What to produce
Would you retype the lines from the one that holds "ソアラ用 ボルトのみ 90105-12228 Ua-Uzz40 トヨタ純正部品 1" to the final line of the entries below, both ends included and exactly as written, but without pictures?

━━━

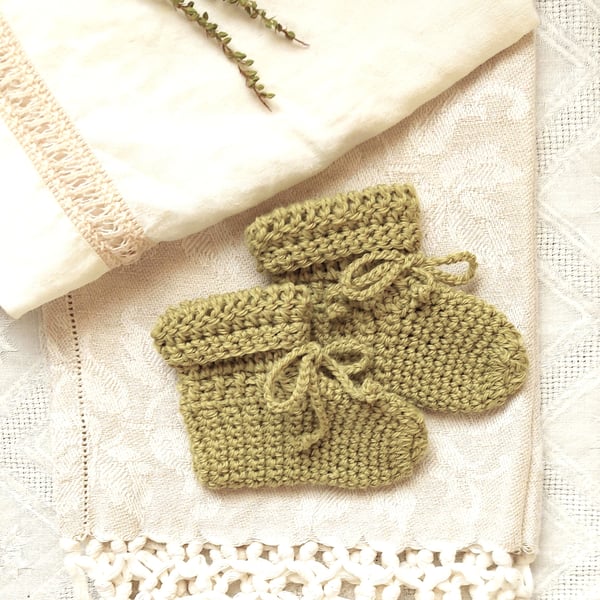 Organic Baby Booties, pure wool, natural green, Wild Mountain Collection 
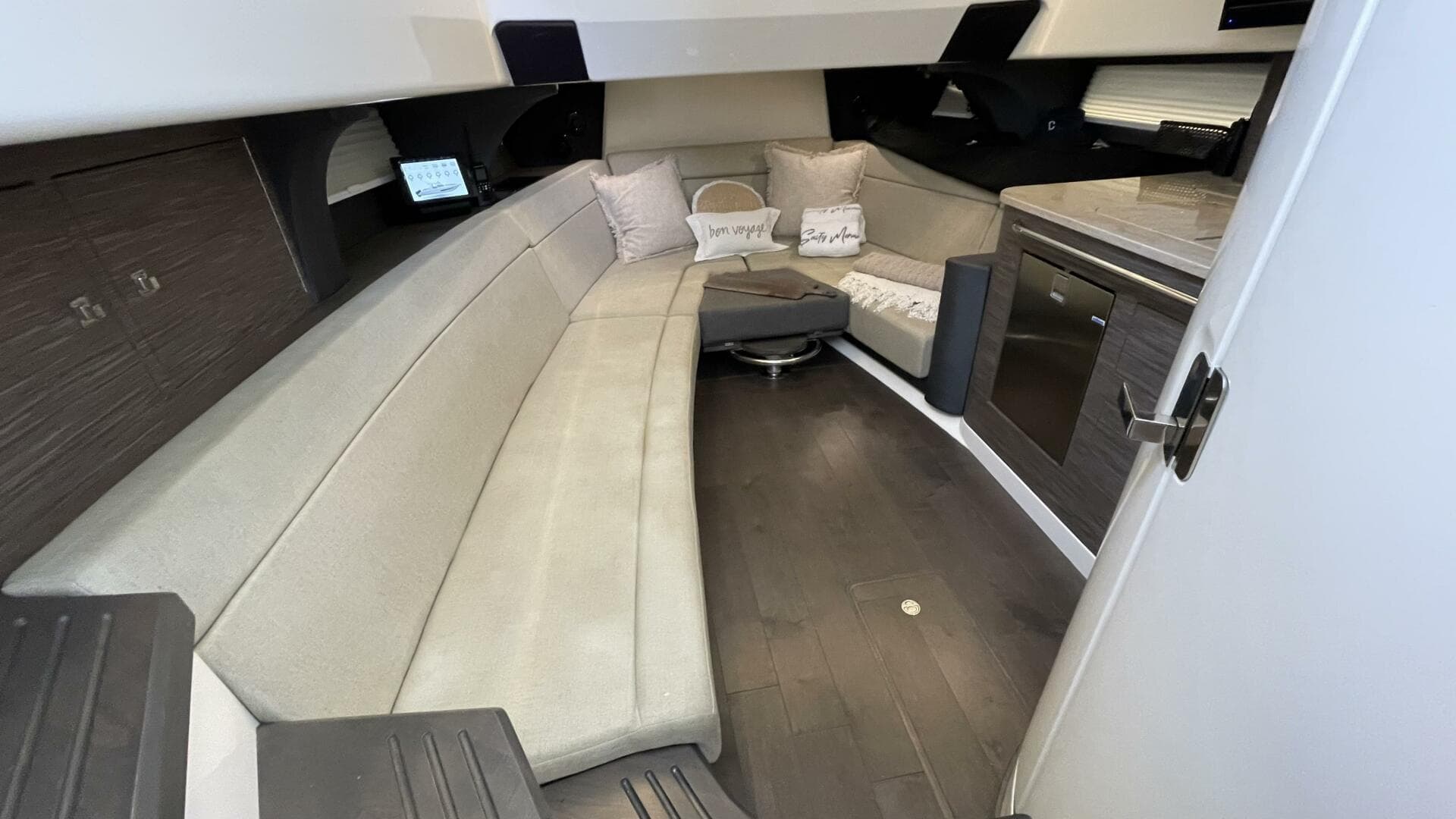 2016 Boston Whaler — photo 148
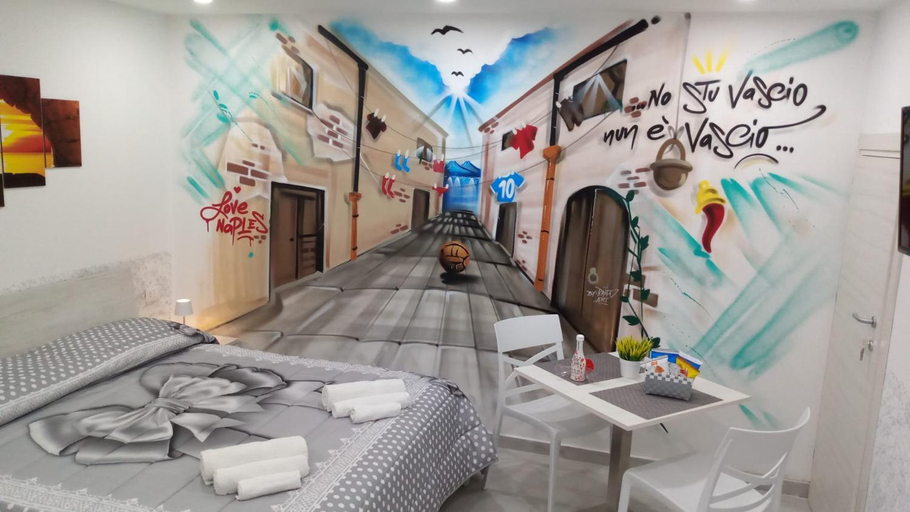 Bedroom, O' Vascio e Ciruzziell, Napoli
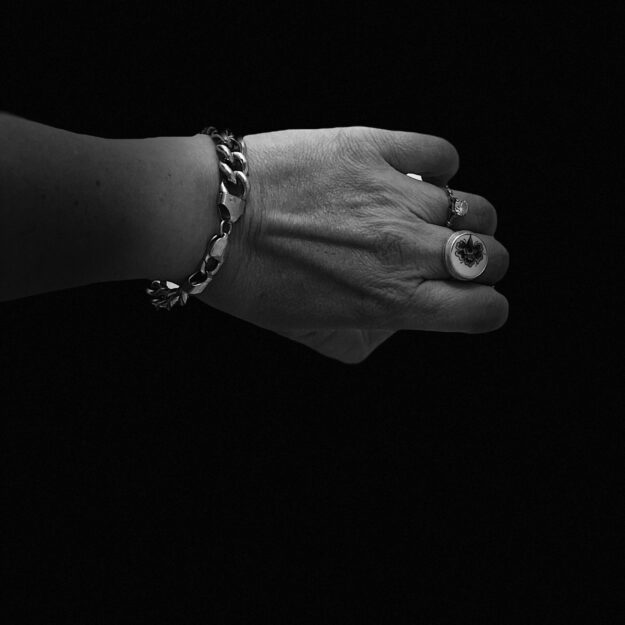 Melanie-Sherman-Ceramics-Jewelry-Vanda-Customer-shot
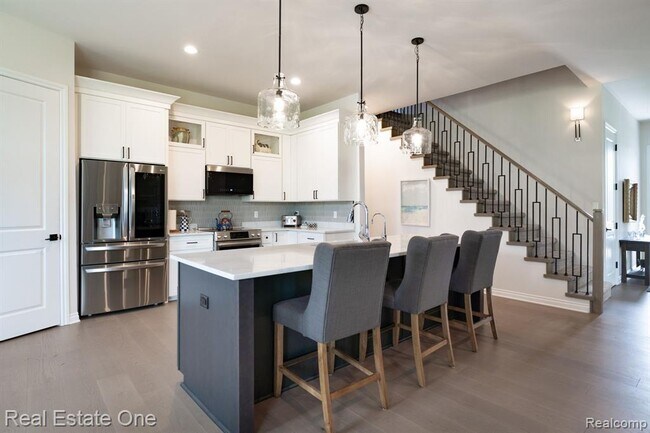 Building Photo - 850 Marlayna Dr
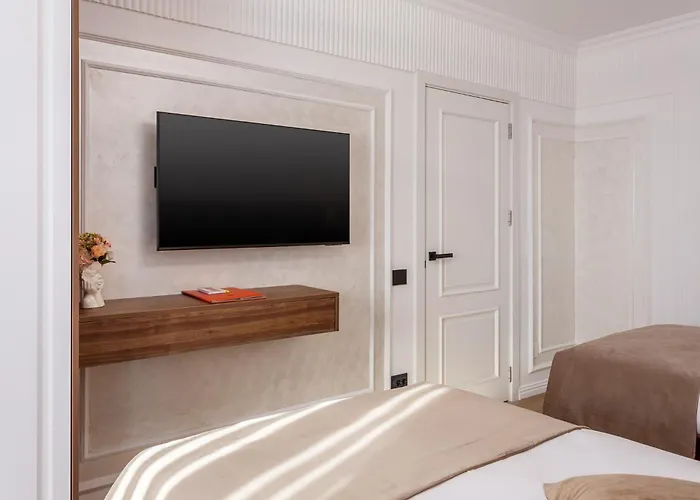 Crystal Luxury Aparthotel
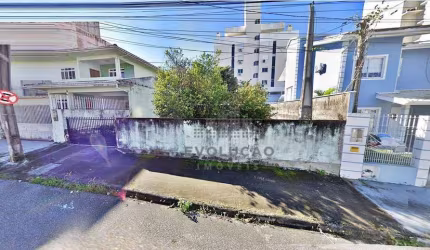 TERRENO com 300 m², Escritura, Viabilidade - Pagani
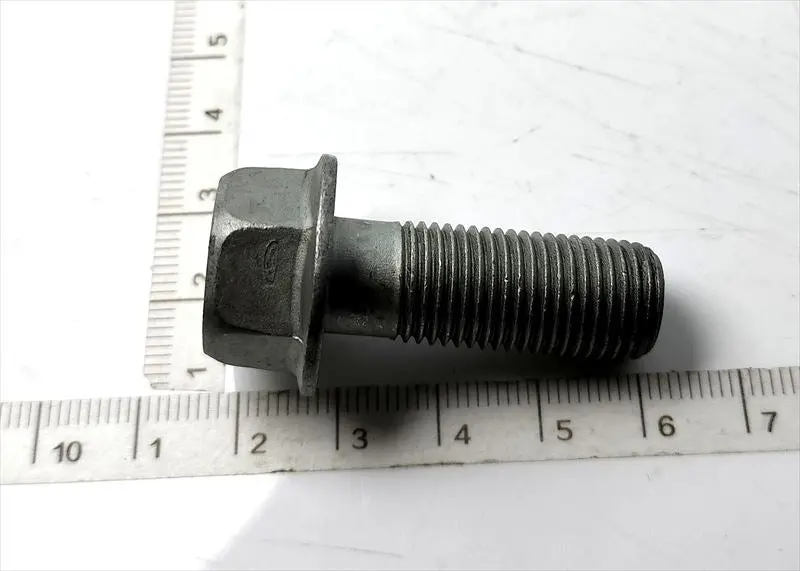 ソアラ用 ボルトのみ 90105-12228 Ua-Uzz40 トヨタ純正部品 1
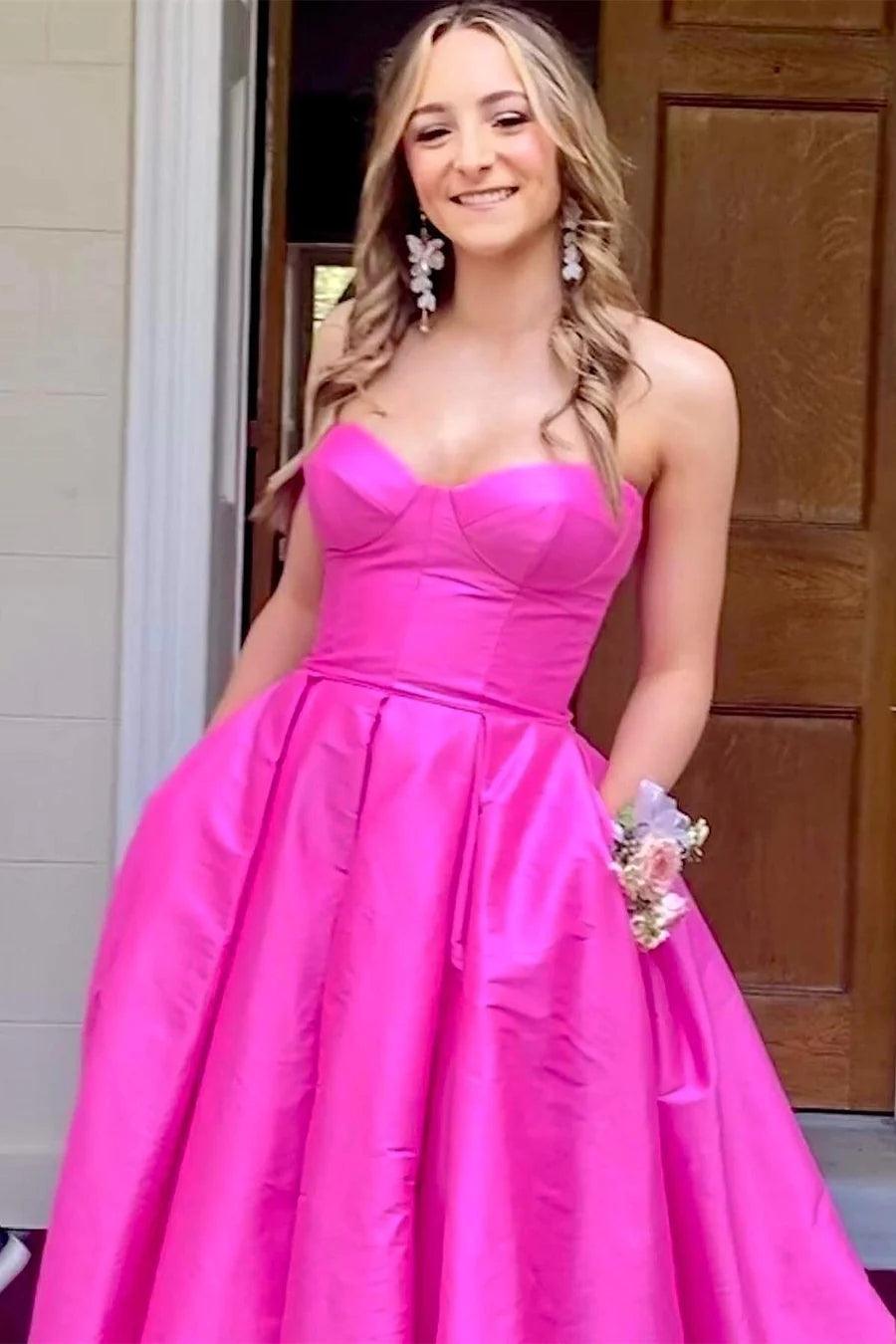 Vestido largo de noche de satén fucsia sin tirantes con bolsillos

━━━

Output
 ソアラ用 ボルトのみ 90105-12228 Ua-Uzz40 トヨタ純正部品 1
 Vestido largo de noche de satén fucsia sin tirantes con bolsillos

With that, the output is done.